There were several vendors selling bonsai trees, lucky bamboo and air plants. One vendor even had tropical pitcher plants (carnivorous plants!) growing in a bonsai container.
We also saw tents where you could learn meditation or have a henna design painted on your skin. Henna is dervied from a plant that can be used to dye your skin or hair. These intricate designs last for quite a while, although they are not permanent. I had a henna kit in college and loved creating my own designs - I'd love to have a professional create a henna design for me, but unfortunately the lines were really long on Saturday!
Kenneth and I have unfortunately never made it to the Dragon Boat Race (which was held on Monday along the Scioto River), but we did get to check out one of the boats! I have really liked dragons ever since I was a kid and the dragon boat was my favorite dragon I saw that day (though the flying dragons we saw in a vendor's craft booth were pretty awesome too!)
The food vendors' area at the Asian Festival is always extremely crowded! There are food vendors from lots of different countries and cuisines, including lots of bubble tea vendors!
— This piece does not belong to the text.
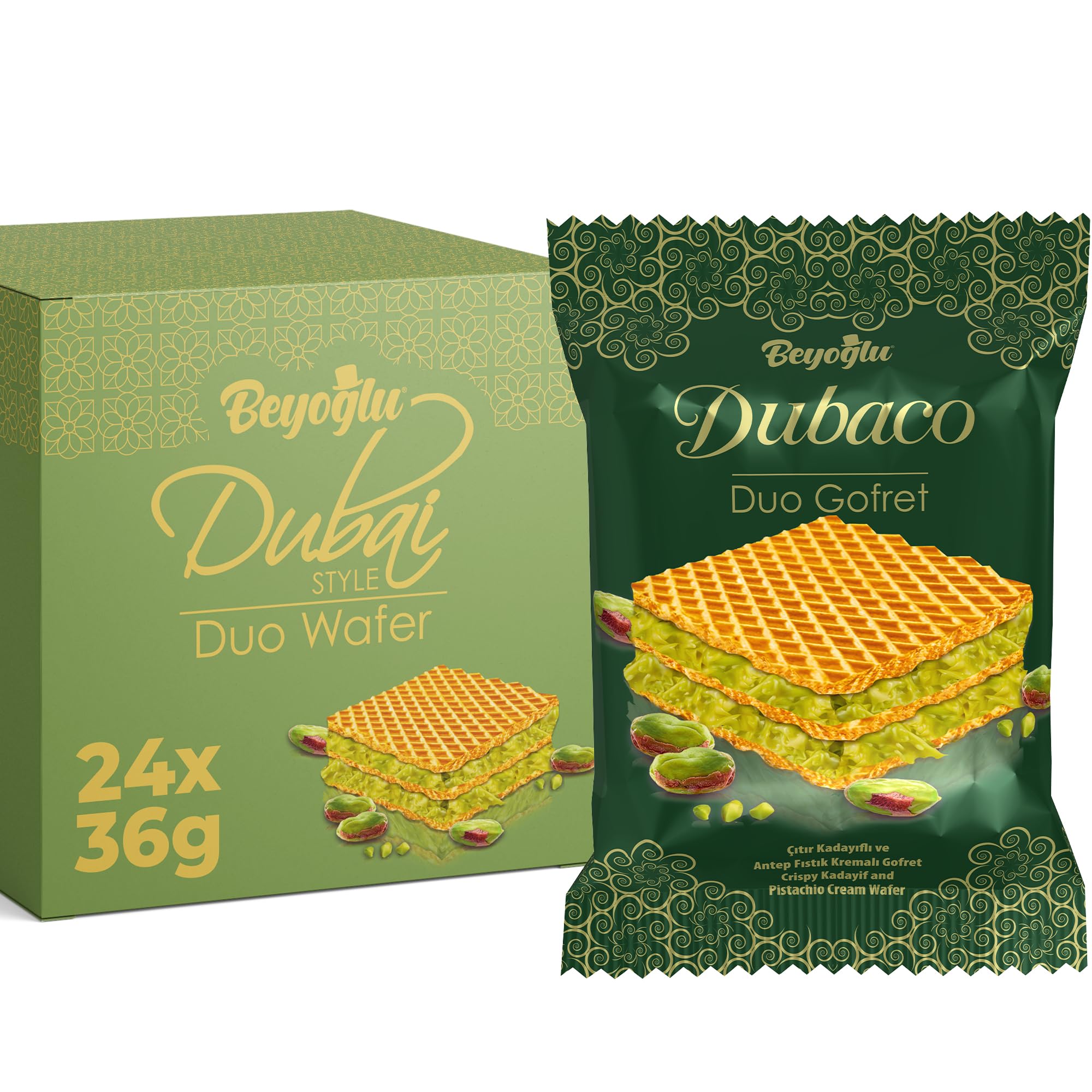 Beyoğlu Dubaco Duo Pistachio Chocolate Wafer Bars (24 x 36g) - Dubai Style Kadayif & Pistachio Chocolate Snack, Crispy Wafer with Creamy Filling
Due to my food allergies and the fact that I don't want to hold up a long line at the festival by going over ingredients with the vendor, I like to stick with what I know I can eat. Kenneth and I shared a plate from Flavors of India, which is a restaurant in North Market that we have eaten at many times before - its always fresh and always delicious! Kenneth had the samosa and I had the rice and chickpeas - I love the rice at Flavors of India!
I tried my very first bubble tea when Kenneth and I went to the Asian Festival during our first full summer in Columbus in 2011. I love the boba, or tapioca pearls and this year we shared a Thailand Tea flavored bubble tea. This year the vendor we went to pureed the ice and tea so the bubble tea was a bit of a 'bubble slushi'. It was really refreshing after standing in the sun while we waited in line!
At the far end of the food vendors' area was a fantastic fruit stand! They had mango, rambutan, lychee, sugarcane and lots of other tropical Asian fruits. I even saw a huge jackfruit on a back table!
The Asian Festival is such a a fantastic festival here in Ohio - I definitely recommend checking it out next year! Kenneth and I went after I had to work, so we were only there for a few hours and certainly didn't see everything the festival has to offer, it would be very easy to spend the entire weekend in Franklin Park in order to see everything!